Wednesday, April 15, 2015

In Search of Pastime (apologies to Proust)

One of the great lost art forms is the eccentric hobby, which is a shame, as what a person does in leisure is far more telling than what they do for a profession. I have yet to learn anything about someone by being informed that they are a "systems analyst," but "the guy who makes dollhouse furniture from beer cans" is a subject worthy of investigation. We seem to have a fall-back position of passive consumption, whether products or media, and originality has been left to others; I think it is time to start afresh, to look at the possibilities and perhaps find more perfect ways to spend spare time.

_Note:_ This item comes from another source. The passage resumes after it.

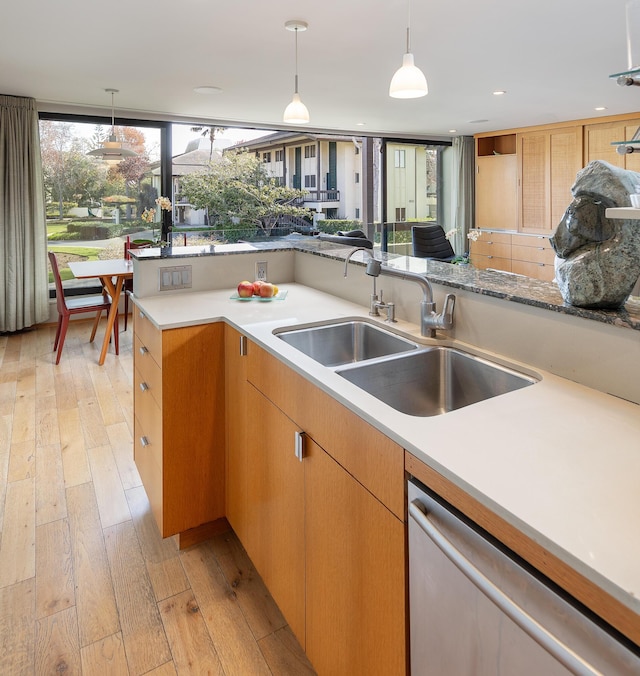 kitchen with sink, light wood-type flooring, hanging light fixtures, and dishwasher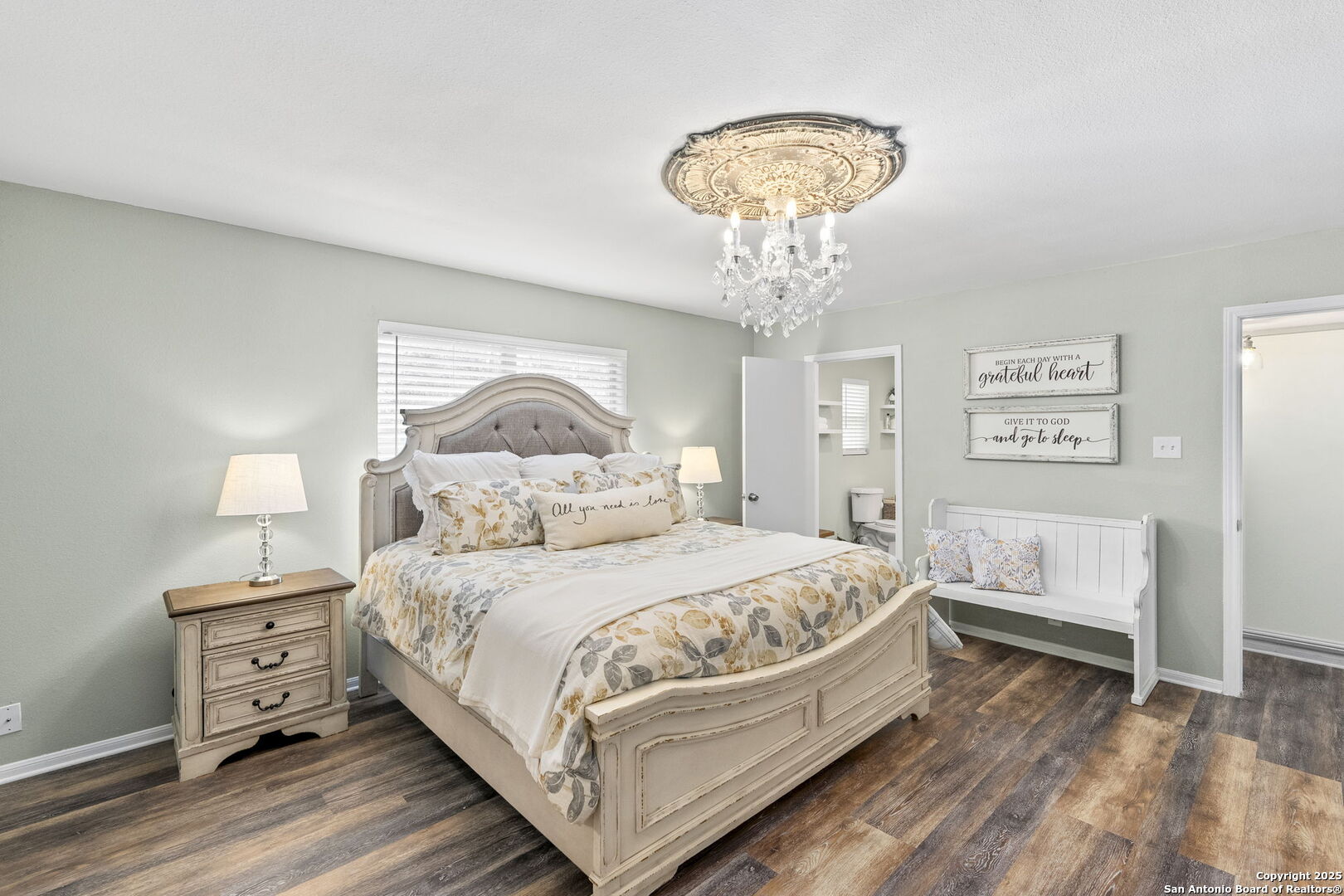 668 Indian Mound Road Tarpley, TX 78883 - Photo 8 of 50 a bedroom with a bed and a chandelier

Collecting has long been a favored hobby, but it has become usurped by profiteering. Rule one of pastimes should be: neither you nor anyone else should benefit in any real way. People are more likely to browse flea markets today in search of resale value than to search for things they merely enjoy. Finding something completely bereft of value to collect is a challenge, but the eclectic genius William Sidis nearly cracked it with his collection of streetcar transfer stubs. Transfers were given for free and had no value, but because they came in many varieties, could be collected. He wrote a book about the subject, called "the most boring book ever written" by one critic and that was his undoing, because he caused others to collect them and, because of their increasing rarity, ephemerality and age, they became valuable... to the four or five other collectors.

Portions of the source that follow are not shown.